No excerto, verifica-se como a revista TPM está inserida no contexto feminista. Ao perguntar para a entrevistada se existe futuro sem feminismo e obter resposta, a revista faz uma citação à Angela Davis, ativista, professora e filósofa de notoriedade em temáticas e questões que envolvem a mulher negra. Ainda nesta entrevista, observa-se o momento em que a TPM se insere na conjuntura social feminina e feminista

[TPM]Acho que todas nós acabamos tendo que nos impor enquanto mulheres e feministas dentro de nossas próprias casas também.

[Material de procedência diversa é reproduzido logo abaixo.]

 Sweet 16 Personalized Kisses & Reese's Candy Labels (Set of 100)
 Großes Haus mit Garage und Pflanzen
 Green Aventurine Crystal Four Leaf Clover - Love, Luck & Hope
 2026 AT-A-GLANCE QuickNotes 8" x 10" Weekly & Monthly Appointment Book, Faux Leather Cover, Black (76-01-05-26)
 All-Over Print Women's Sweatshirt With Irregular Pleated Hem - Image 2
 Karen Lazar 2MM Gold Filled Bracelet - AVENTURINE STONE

[DD]É um trabalho de todo dia, a gente conversa, bate numa tecla e aí, aos pouquinhos, eu vou vendo os resultados. De vez em quando meu pai dá uma entrevista e eu falo: “Humm... Isso fui eu que eu falei para ele um dia”. Aí ele vai e fala para 5 mil pessoas num palco e eu penso: “Que bom”. É difícil, porque ele vem dessa construção que o homem negro tem de ser muito másculo, ser bravo ser forte o tempo inteiro (Lacombe, 2018, s/p).

O mesmo acontece no trecho da entrevista com Alice Ruiz

[TPM]Temos hoje um governo que praticamente nos eliminou do executivo. [AR]40Poucas coisas conseguem ser mais retrógradas do que a forma como esse governo está se expressando, mas ele tirou completamente a mulher de cena e as únicas que estão lá são absolutamente manipuladas: estão convictas de seu papel secundário. É muito perigoso isso. A mensagem é clara: você só vai ter um pouquinho de expressão se rezar pela nossa cartilha e defender as nossas ideias. E as nossas ideias consistem em você ser inferior. Aonde podemos chegar desse jeito? (Lacombe, 2018, s/p).

39 Dominica Dias. 40 Alice Ruiz.

Vê-se o momento em que a revista se assume como figura feminina e feminista. Ressalta-se, novamente, que o sujeito da fala é a TPM, tendo a Milly Lacombe somente a função social de autora. Por esta razão as frases “nós acabamos tendo que nos impor enquanto mulheres e feministas [...]” e “temos hoje um governo que praticamente nos eliminou do executivo” é a assunção da revista de seu perfil apoiante do feminismo, e que consequentemente corrobora para um discurso positivo do mesmo – afinal uma instituição ou empresa não atribui a si mesma um caráter que considere desviante, pelo contrário, uma organização (principalmente numa sociedade capitalista e que vive o marketing 4.041) assume posições que julga ser concordante com seu público-alvo.